Why mortgage holders can breathe a little easier
Mortgage holders should be breathing a little bit easier.
There’s now a solid chance the Reserve Bank will hold fire at next Tuesday’s board meeting and keep the cash rate at 4.1 per cent.
The May consumer price figures showed a big drop in inflation from 6.8 per cent in the year to April to 5.6 per cent – miles lower than the 6 per cent predicted by economists.
If Thursday’s retail trade numbers also show a greater slowdown than anticipated in May, a 13th rate rise will surely be delayed by at least a month, by which time governor Philip Lowe and his board will have a quarterly inflation number.
It’s clear one month of good news is not “mission accomplished” in the fight to tame inflation, and some of the details in the CPI report make painful reading: bread and cereal products up 13 per cent in the year; power bills up 14 per cent; rents up 6.3 per cent; dairy prices up 15 per cent; eating out and takeaway up 8 per cent.
Speaking from the Northern Territory, Jim Chalmers was careful to highlight the ongoing pressures on household budgets from high costs of living.
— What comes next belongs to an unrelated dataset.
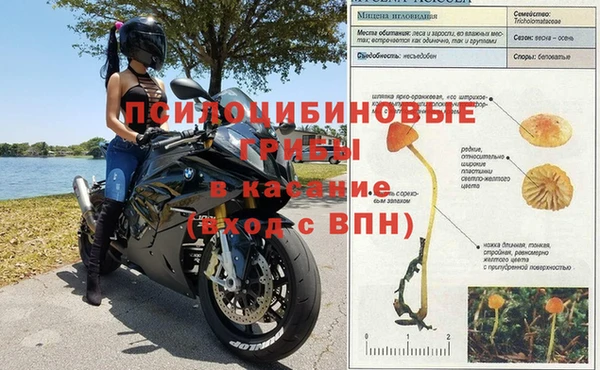героин Белокуриха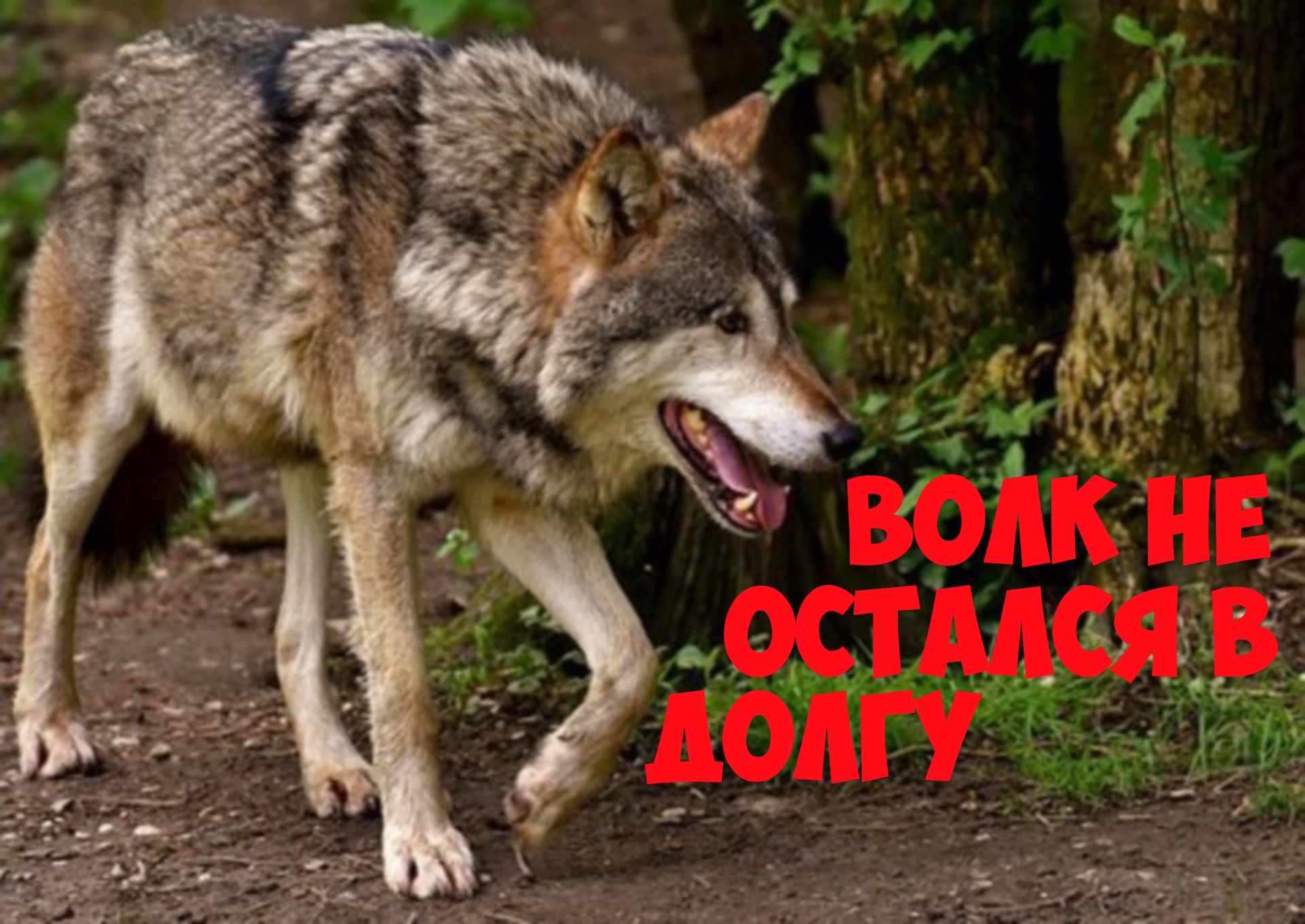 Интересная история. Волк не забыл о помощи человека. смотреть онлайн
The Treasurer was keen to highlight the good news – not least that petrol prices are 40c-50c a litre cheaper than a year earlier – but his caution is warranted.
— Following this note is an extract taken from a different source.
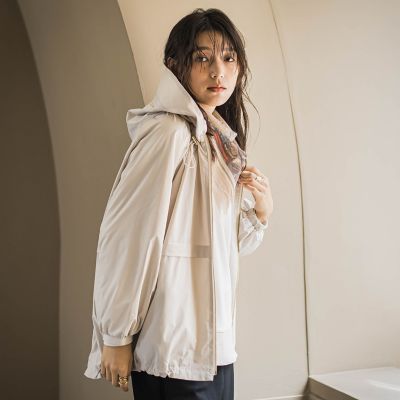 ストレッチタフタフーディブルゾン | MAYSON GREY (Women)/メイソン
The Australian Bureau of Statistics noted that taking out volatile items such as petrol, travel and fruit and vegetables, “underlying” inflation ticked lower only from 6.5 per cent to 6.4 per cent.
Yet it would be wrong to dismiss the numbers altogether. This is especially the case when the most recent RBA board minutes noted the decision to hike at the June meeting was “finely balanced”, and the risks of tipping the economy into recession climb with every additional rate rise.
Talk to financial sector economists, who get paid to predict cash rate moves, and you’ll get much harrumphing about inconsistent messaging from the central bank, which this year has shifted between hawkish and dovish on a sometimes monthly basis.
This apparent flip-flopping just reflects the reality that the RBA board’s job has become much, much harder this year.
The task in 2022 was to get away from virtually zero rates as quickly as possible. It was brute force and a relatively simple decision each month.
In 2023, monetary policy has become an excruciatingly difficult balancing act, where a single slip risks hundreds of thousands of jobs.
The inflation numbers are not unalloyed good news but with the stakes so high, every bit of data is meaningful.